4. Parce que des familles entières se déplacent en moto, sans casque, les enfants devant leur père et la mère derrière, son tchador noir gonflé comme une voile.
5. Parce que, de porte en porte, de boutique en boutique, de taxis en autobus, on y traverse d’autres univers musicaux où se mêlent la langue, les voix et les instruments sur un fil mélancolique.
6. Pour tous les visages, pour les corps, pour les voix, pour les regards, pour tous ceux qu’on rencontre, pour tous ceux qui vous parlent.
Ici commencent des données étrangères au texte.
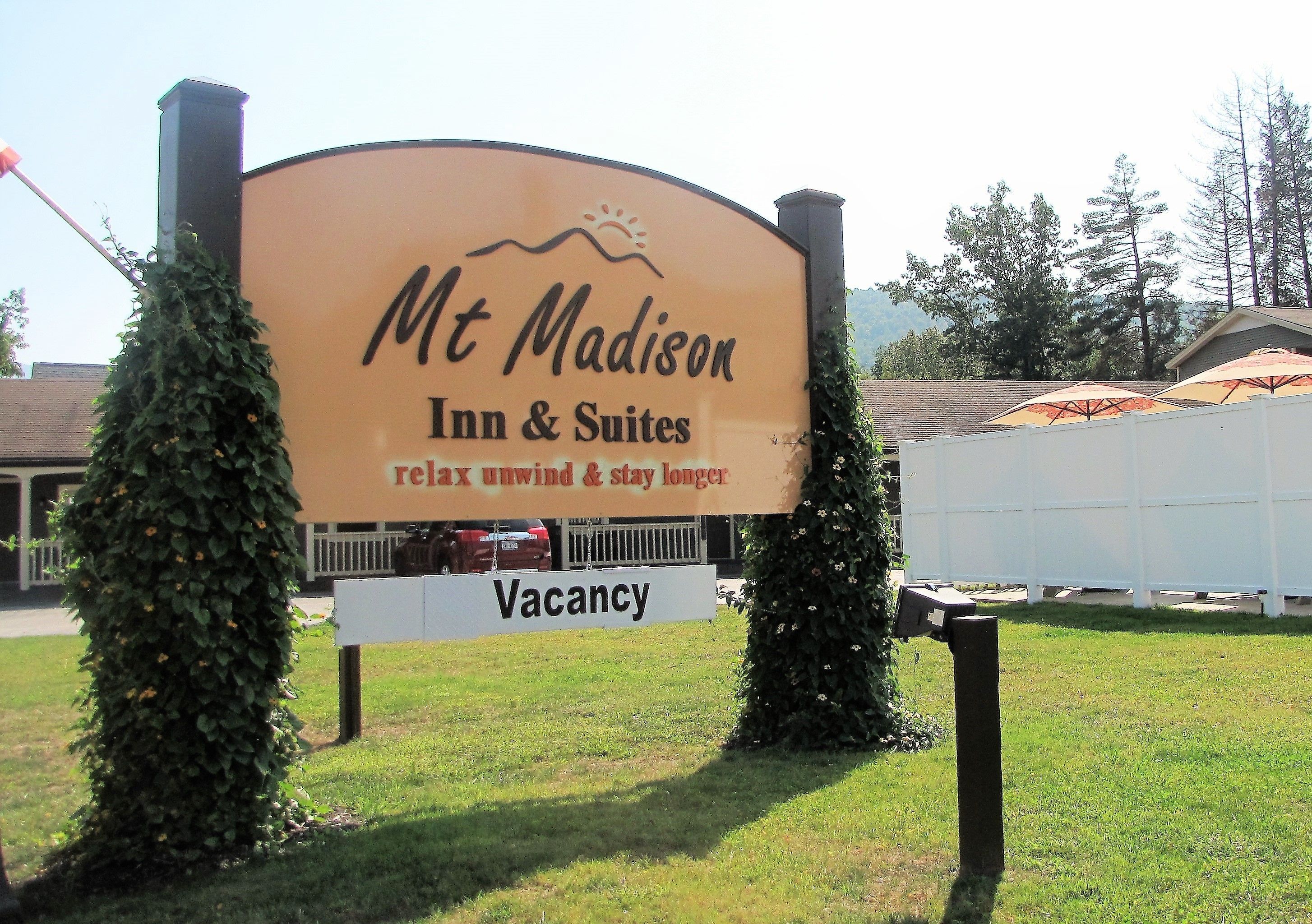 A sign for Mt. Madison Inn & Suites advertising a relaxing environment with a vacancy notice.
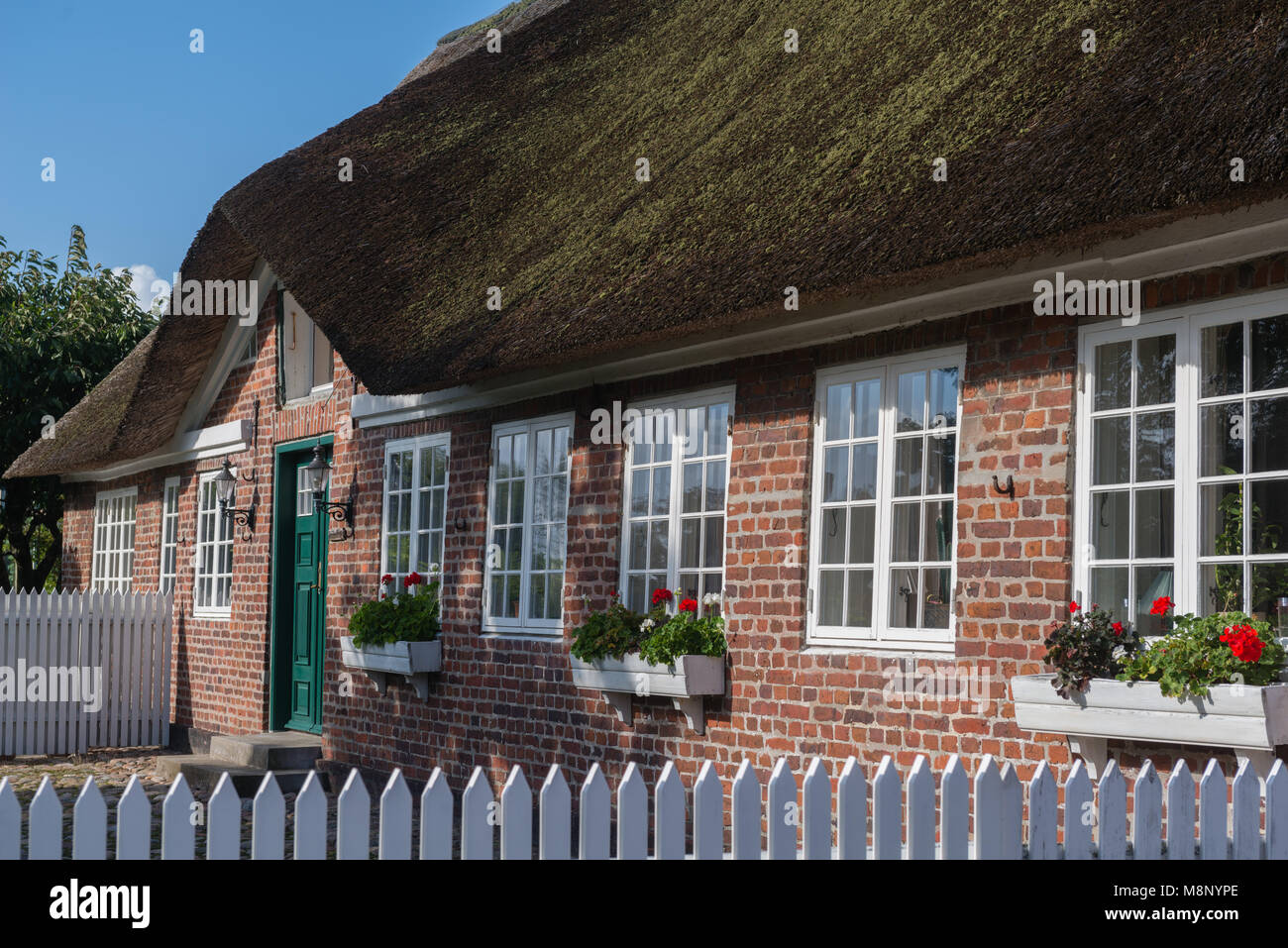 Tipica casa danese in Nordby, isola di Fanoe, nello Jutland, Danimarca Foto Stock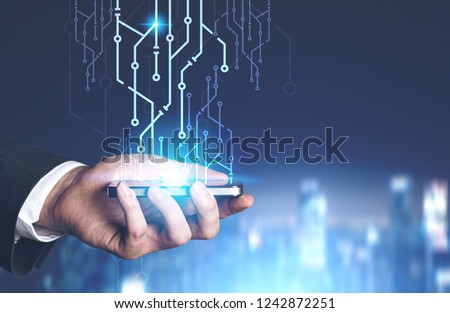 Hand of businessman holding smartphone with circuits emerging from it over night cityscape background. Toned image double exposure mock up Royalty-Free Stock Photo #1242872251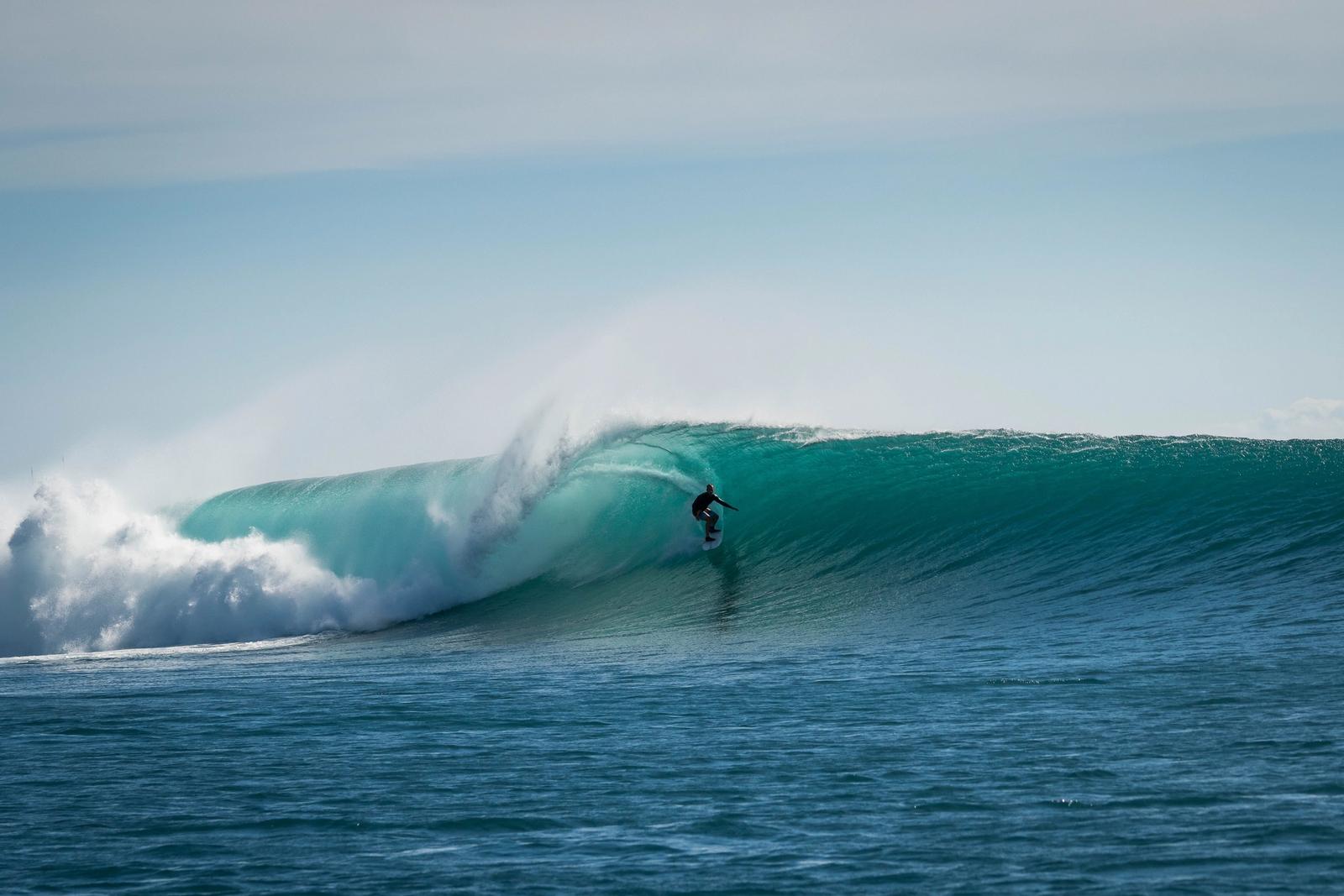 A surfer riding deep inside a turquoise barrel off Sumbawa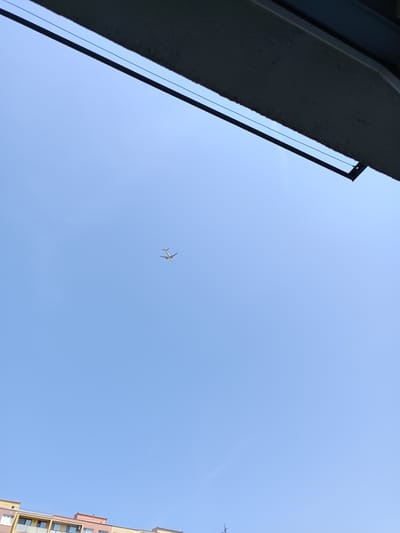 The image shows a clear, blue sky with a single airplane in flight. The airplane is white and appears to be a passenger jet, seen from below and slightly to the side. A portion of a building with multiple floors and balconies is visible at the bottom of the frame, suggesting an urban setting. The top of the image features the underside of an overhang or balcony, casting a shadow. The scene is likely from the city of Košice, Slovakia, given the presence of characteristic apartment buildings and the overall environment.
7. Parce qu’on peut raconter l’histoire d’Esther et de Mardochée à des Iraniens, assis sur les ruines de Pasargad.
8. Parce qu’il y a des eucalyptus partout, et des cyprès et des sycomores et des peupliers et des saules. Parce qu’entre deux chaînes de montagnes arides on trouve des rizières d’un vert vif.
9. Parce qu’on peut boire du xakeshir, c’est délicieux et parfumé à la rose mais on ne sait pas ce que sont les petites graines brunes qui y flottent.
10. Parce qu’on se souvient d’Eschyle, on se souvient du messager perse qui dit les lamentations de Xerxès, qui dit le trône du roi sur ce promontoire au-dessus de Salamine, on se souvient du spectre de Darius — et on s’arrête au pied de leurs tombeaux.
11. Parce qu’on y rencontre des chauffeurs de taxis qui écoutent de la poésie en conduisant et parce que même si on ne comprend pas le persan, le rythme, la sonorité, la musique de la langue vous bercent sur la route.
12. Pour les ânes chargés de sacs. Et pour les bêtes plus mécaniques mais tout aussi fatiguées et chargées des mêmes sacs.
13. Parce qu’il y a des mosquées même sur les aires d’autoroutes.
14. Parce que traverser une rue est toute une aventure, parce que les accidents de la route y sont plus spectaculaires qu’ailleurs, parce que la circulation y est terrifiante, parce qu’on y expose les carcasses de voitures aux péages des autoroutes.
15. Parce que les enfants y sont sages, qu’ils jouent en riant sur les pelouses dans la fraîcheur de la nuit tombée, que les aînés guident les plus petits dans les jardins et les bassins, que les parents leur parlent tout bas.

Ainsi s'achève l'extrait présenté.